# 10 pound striper



## mahiavk (Sep 5, 2007)

Selder and I fishied the laporte shoreline yessturday and Selder landed a 10 pound striper, had a nice 23 inch red to go along with it and a eater black drum


----------



## ExAstro (Jun 22, 2005)

*What?*

I don't believe you. I want to see a picture.....ha ha


----------



## bigpun91 (Oct 2, 2005)

Im jealous, my wife and I fished several hours sunday with no bites, we use bait, no lures, I'm too lazy for that.


----------



## gregg75 (Jun 16, 2007)

my first attempt at moving a picture from a cell phone to the web.


----------



## ExAstro (Jun 22, 2005)

Wow, that's a monster!!


----------



## LDS (Jul 25, 2007)

That's incredible.


----------



## Rockfish (May 21, 2004)

Very nice. Is that the new Texas slam


----------



## yakfishin (Dec 8, 2005)

Great fish! but from the looks of it from the small photo looks like a hybrid?


----------



## Muddy (Dec 25, 2007)

Nice!


----------



## Captain Dave (Jul 19, 2006)

very nice pic and catch


----------



## txmeatsoaker (Nov 3, 2004)

Nice, almost looks like a hybrid.


----------



## kbc (Jul 10, 2006)

Nice Fish!


----------



## bobber (May 12, 2005)

yakfishin said:


> Great fish! but from the looks of it from the small photo looks like a hybrid?

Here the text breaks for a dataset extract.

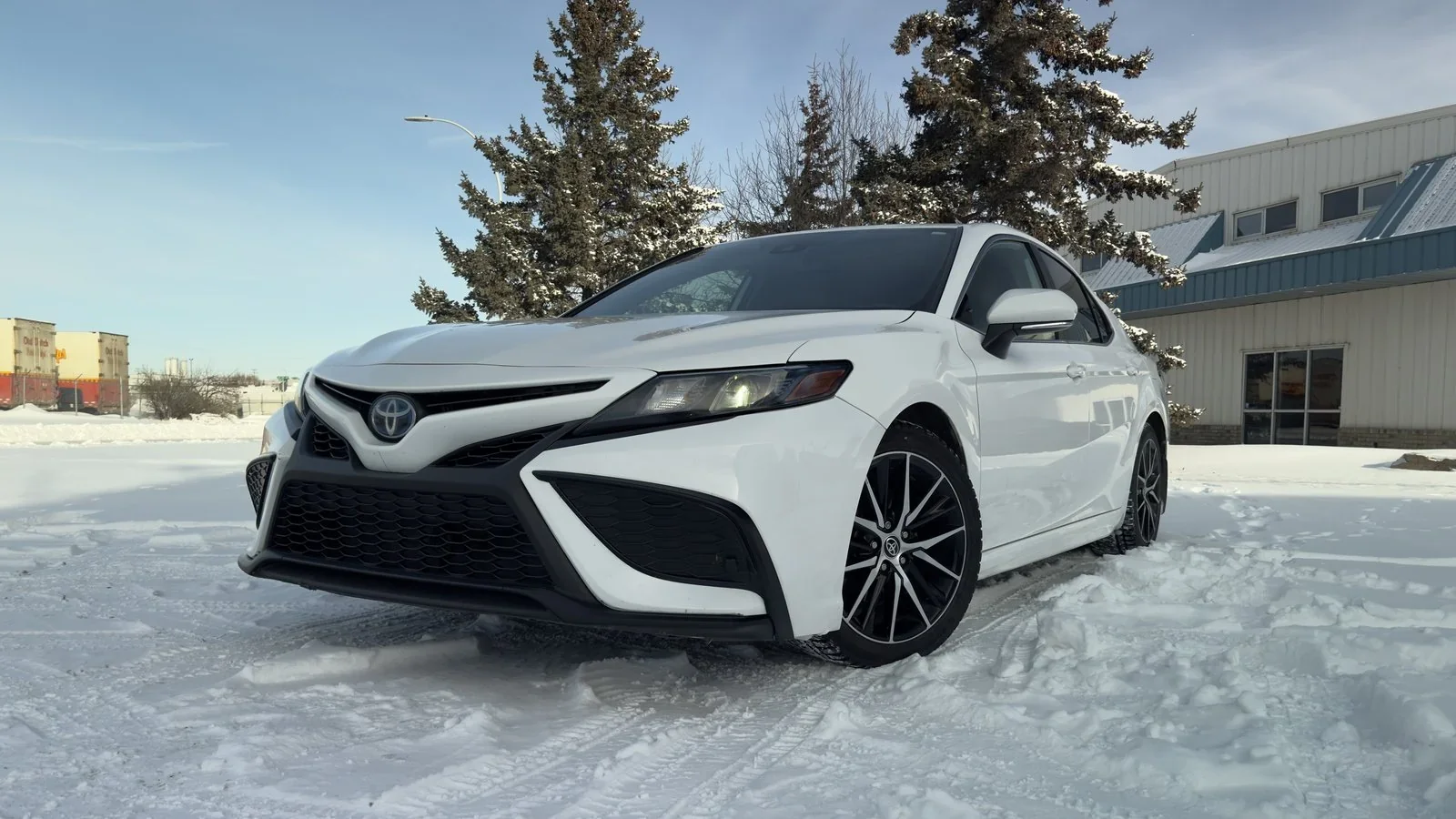 2022 Toyota Camry Hybrid SE - Used Sedan for sale in Alberta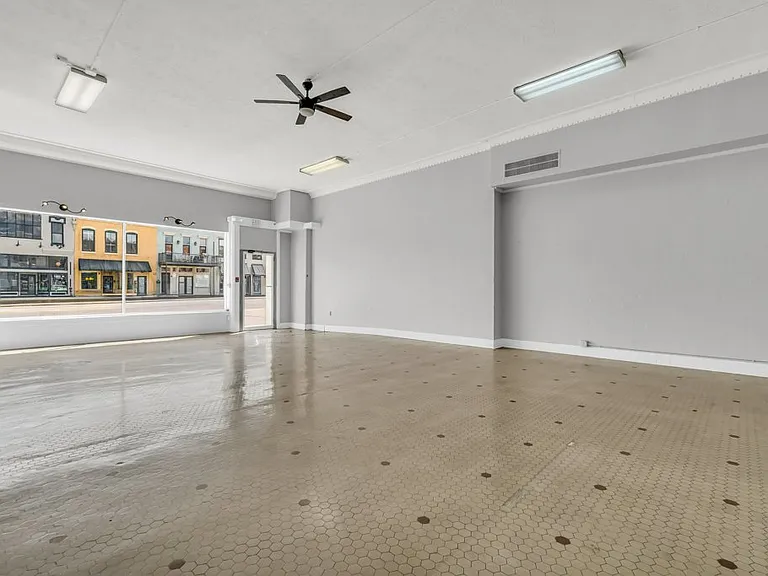 423 Main St — Photo 3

I agree.. Nice catch either way. Are the lines broken??


----------



## Sow Trout (Jun 28, 2004)

Hopefully, they will adapt to the bay. Are they good eating?


----------



## activescrape (Jan 8, 2006)

Definately a hybrid. We do them on the halfshell, just like redfish. My experience is they taste better coming out of cold water(wintertime) than summertime. Excellent fighters.


----------



## rrankin (Jan 22, 2008)

looks like a hybrid to me too and they are delicious. I catch stripers and hybrids in lakes in the spring and summer and have cooked them every way I can imagine. Blackened, Halfshell, and fried are my top 3.


----------



## troutsupport (May 22, 2006)

10 lb striper on trout tackle is a nice haul.


----------



## Gumby (Aug 11, 2005)

We catch em up on Lake Conroe, guess some escaped Montgomery county for points south. Started fishing Galveston bay in the 60's as a kid and have never seen one caught untill this year. Very cool. We cook them the same ways too. Very good on the table. Later, Tom.


----------



## shadslinger (Aug 21, 2005)

That is a hybrid, and a hog of one. I bet it tussled a little.


----------



## mahiavk (Sep 5, 2007)

how big do the hybridas get


----------



## shadslinger (Aug 21, 2005)

Almost 20lbs in some places, anything 2 digits is a hog!


----------



## SEAHUNT186 (Dec 24, 2004)

Those things fight just as good as reds do. I used to catch those bad boys on Lake Livingston. You get into a school of those and it's fun, fun, fun!! 
I'm jealous!! Very nice haul!!
Steve


----------



## KrazyFish (Feb 25, 2008)

I believed that is a hybrid, too round to be a striper.

Good catch though


----------